Approximation of a dispersive model using the Hyperbolic formulation framework: Example of the Conduit equation

Abstract:Recent papers propose hyperbolic regularizations of dispersive equations that are the Euler-Lagrange equations for a given Lagrangian [1]. The primary purpose is to reformulate the high-order derivative dispersive equations as a first-order hyperbolic system. Introducing an appropriate set of parameters gives rise to an extended Lagrangian, asymptotically recovering the proper variational structure of the initial equation under concern. In the case of Serre-Green-Naghdi equations, this "extended Lagrangian" method is now mathematically justified [2]. The advantage of such an approach is obvious: one can use for dispersive equations the entire arsenal of finite volume methods developed for hyperbolic equations.

We aim to apply a similar strategy but in the context of the dispersive conduit equation [3]. According to the classical formulations, this equation does not derive from a Lagrangian, and the classical variational structure is useless.

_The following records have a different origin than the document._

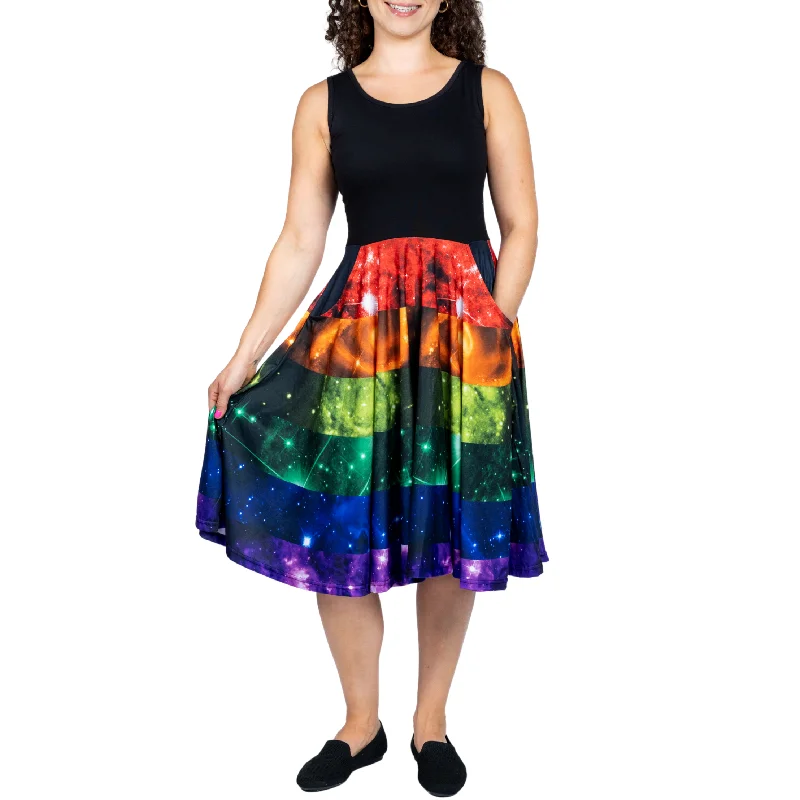 Ruffled skater dress-Rainbow Nebula Sleeveless Full Twirl Dress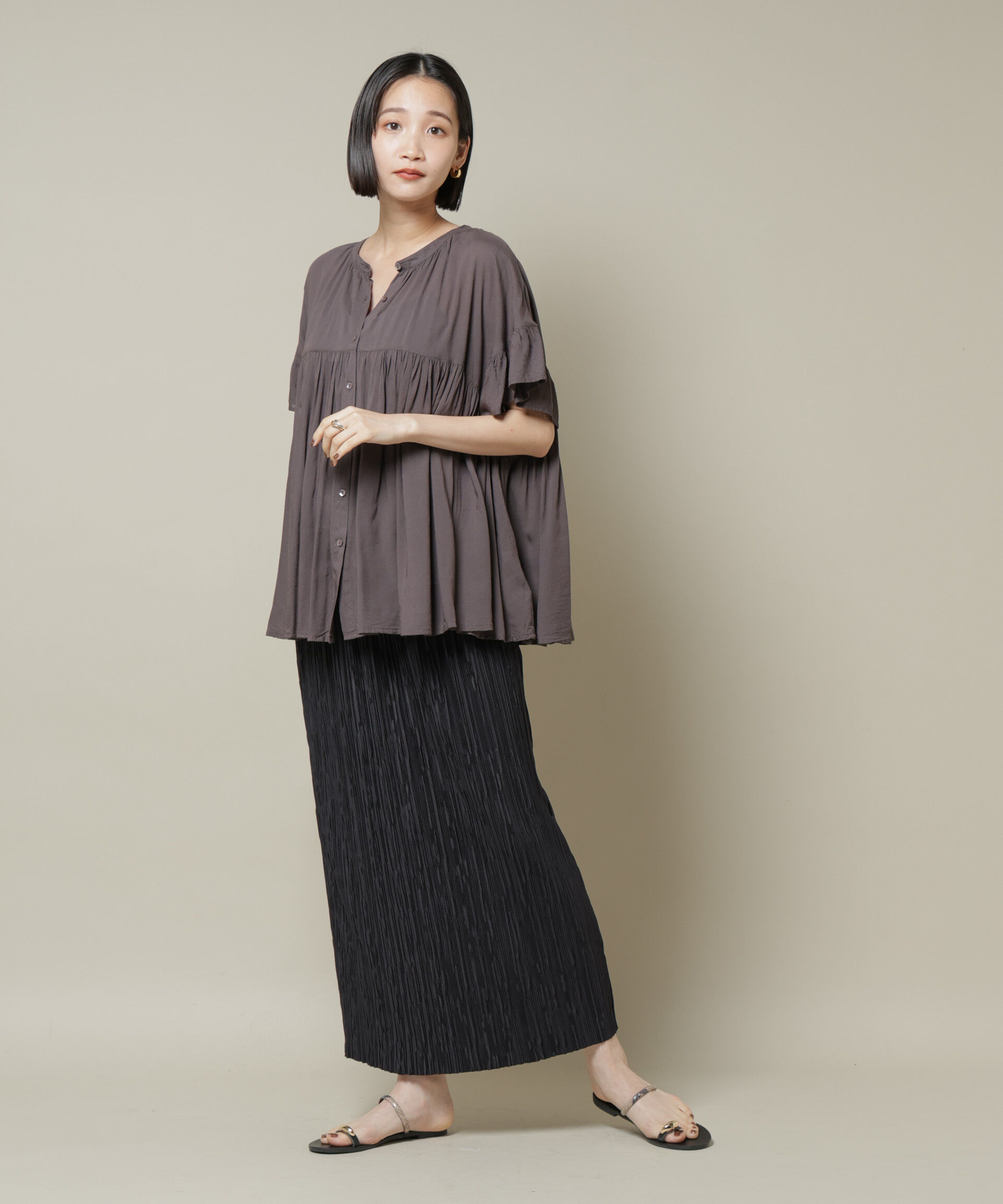 nano･universe「ランダムプリーツカットナロースカート(セットアップ可)」|スカート|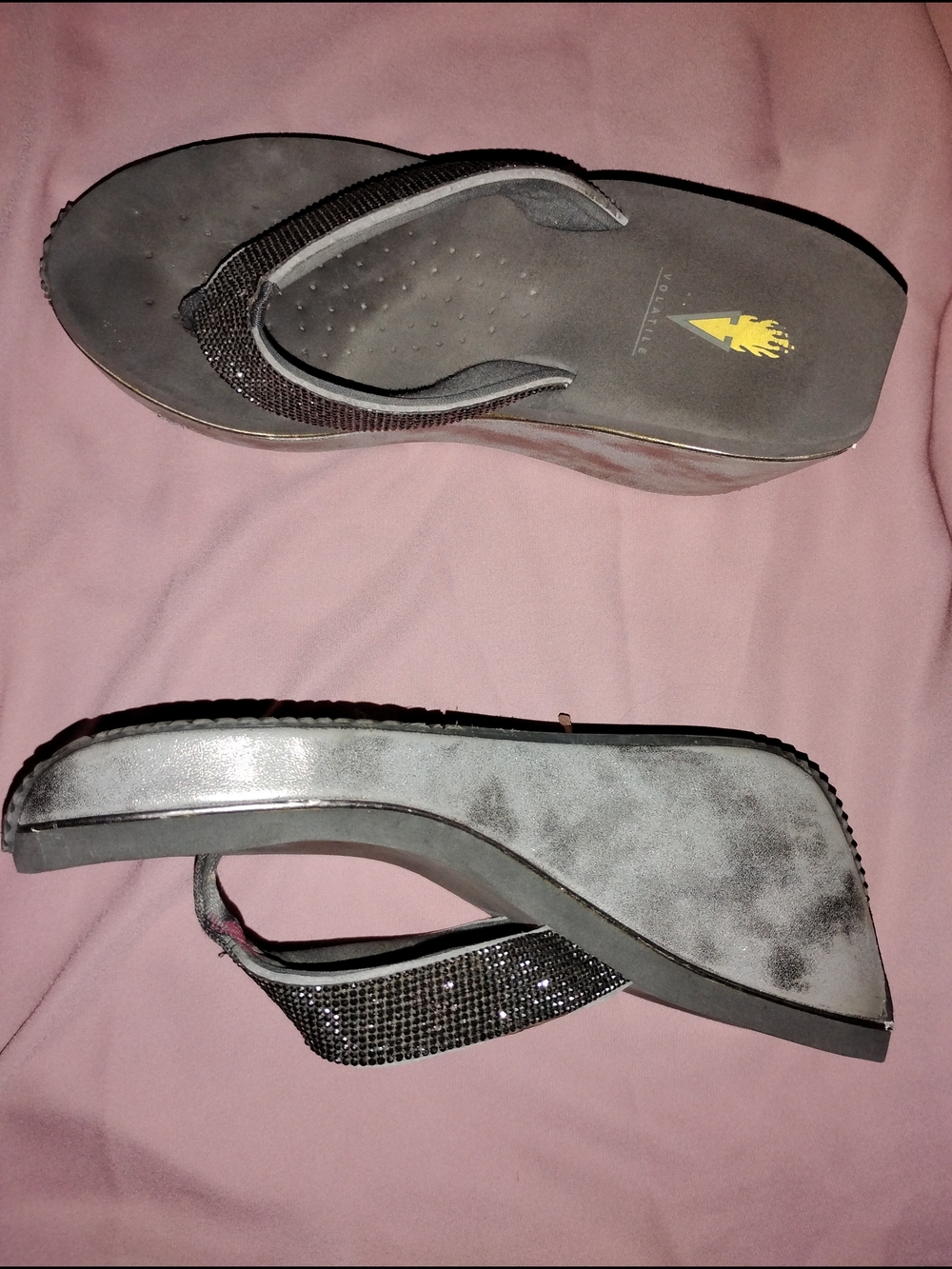 Volatile Silver Wedge Flip Flops with Sparkle Straps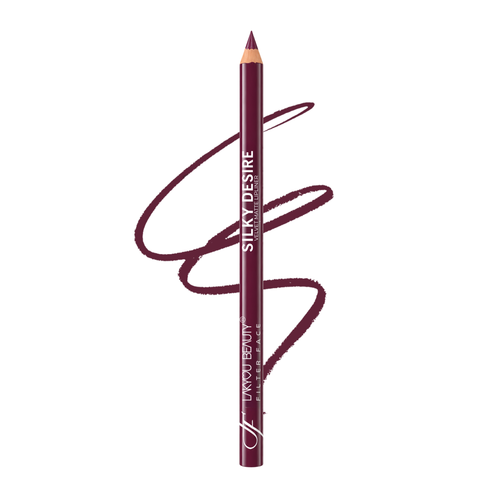 A single makeup lip liner pencil in a deep berry brown shade, shown vertically with a matching brown swatch scribble behind it on a plain white background. The pencil features white text reading 'SILKY DESIRE' and 'LAKYOU BEAUTY'.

In this context, the purpose is to derive a helpful mathematical pattern for the hyperbolic approximation of the conduit equation.

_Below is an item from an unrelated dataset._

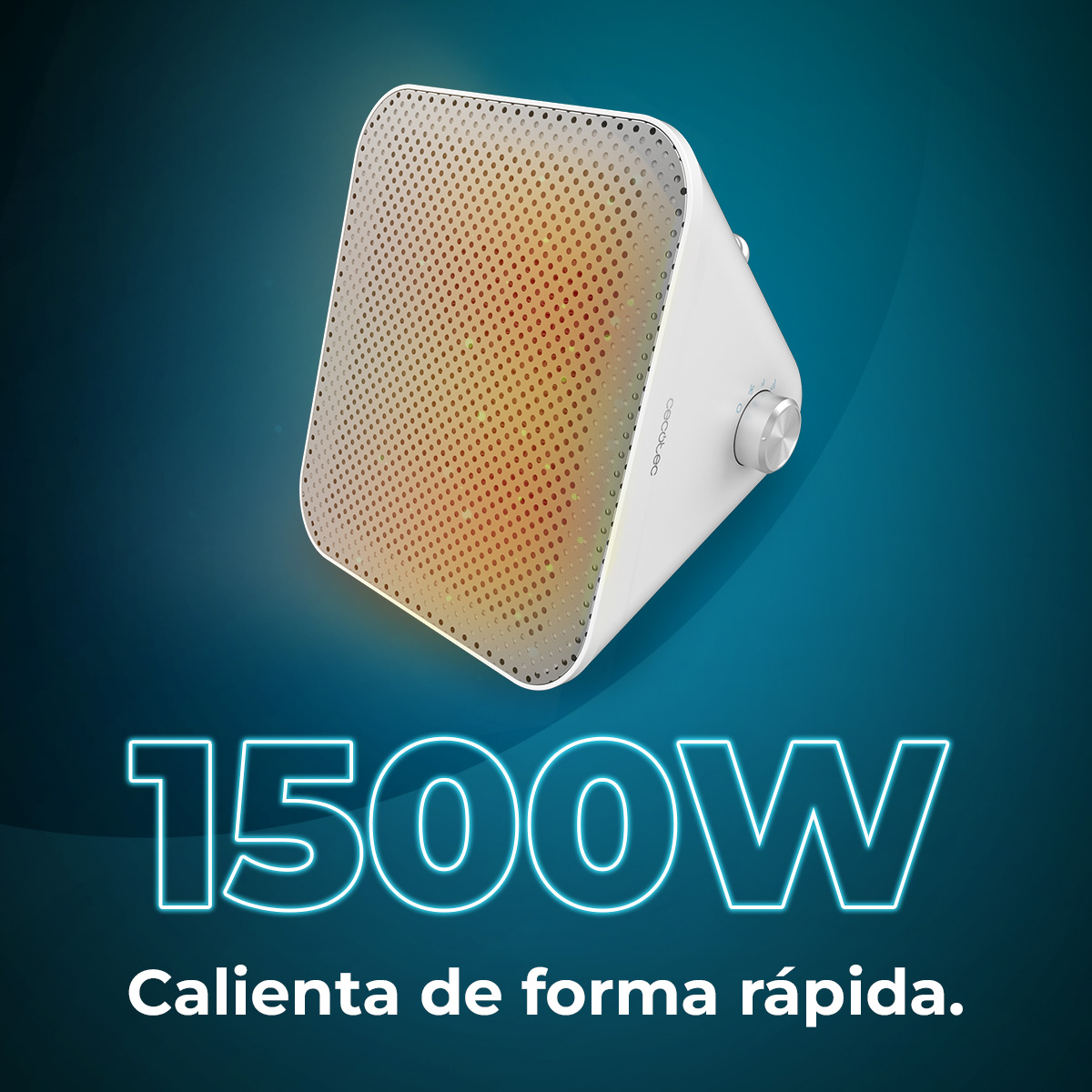 Un calefactor eléctrico blanco y plateado con un dial y una rejilla frontal.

This presentation will exhibit a mathematical pattern preserved by the hyperbolic reformulation of the conduit equation. Other hyperbolic reformulations exist without fulfilling the proposed mathematical properties. We will compare the numerical solutions based either on hyperbolic or the dispersive formulation of the conduit equation. Contrary to the other hyperbolic models, the "structure-preserving" hyperbolic approximation shows excellent convergence results.

1. N. Favrie and S. Gavrilyuk. A rapid numerical method for solving Serre-Green-Naghdi equations describing long free-surface gravity waves. Nonlinearity, 2017.

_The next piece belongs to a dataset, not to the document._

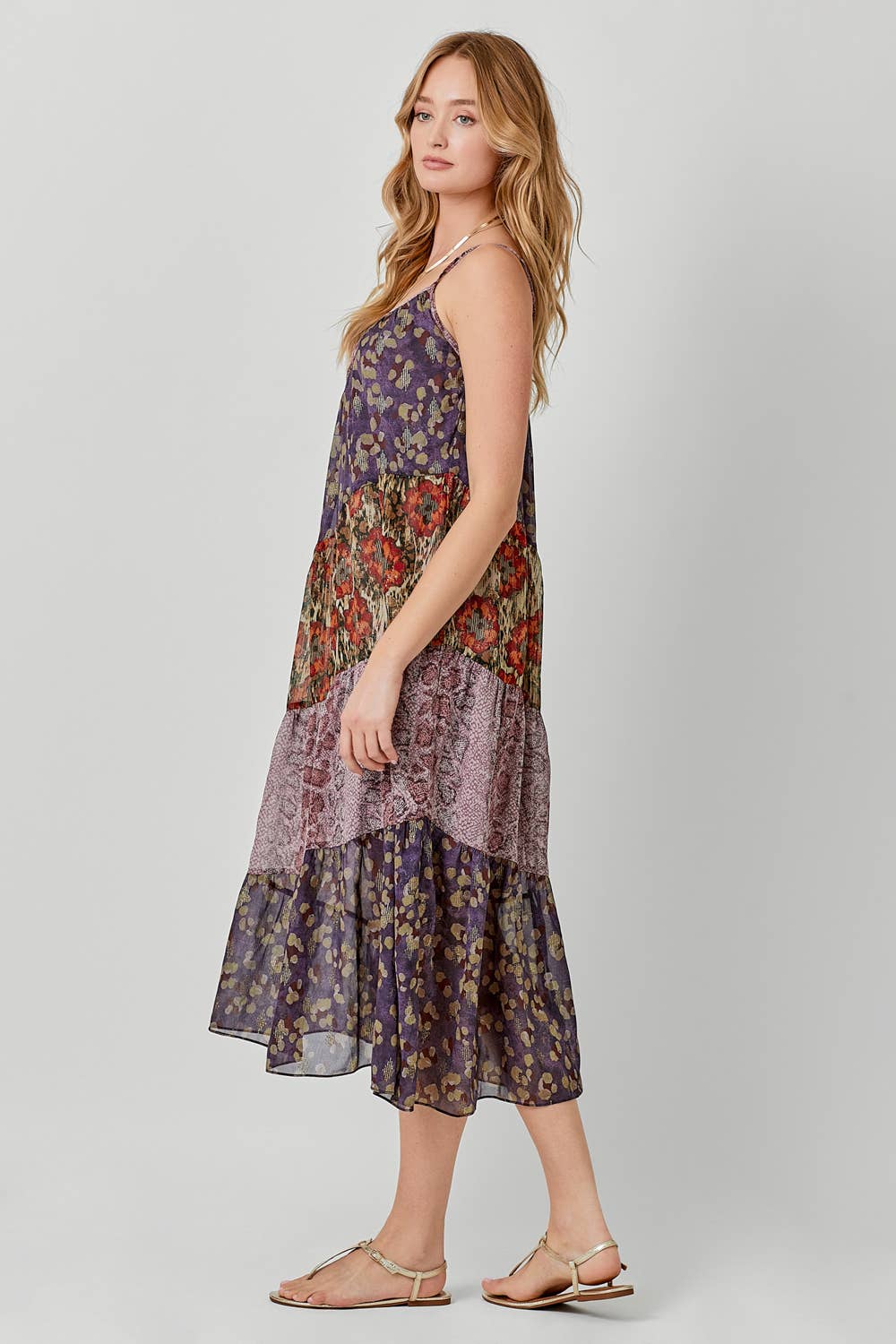 Mystree - 60071 Print Mixed Maxi Dress: Lavender Mix / Small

2. V. Duchene. Rigorous justification of the Favrie-Gavrilyuk approximation to the Serre-Green-Naghdi model. Nonlinearity, 2019.
3. N.K. Lowman and M.A. Hoefer. Dispersive hydrodynamics in viscous fluid conduits. Phys. Rev. E, 2013.
4. S. Gavrilyuk, B. Nkonga, K.M. Shyue, and L. Truskinovsky. Stationary shock-like transition fronts in dispersive systems. Nonlinearity, 2020.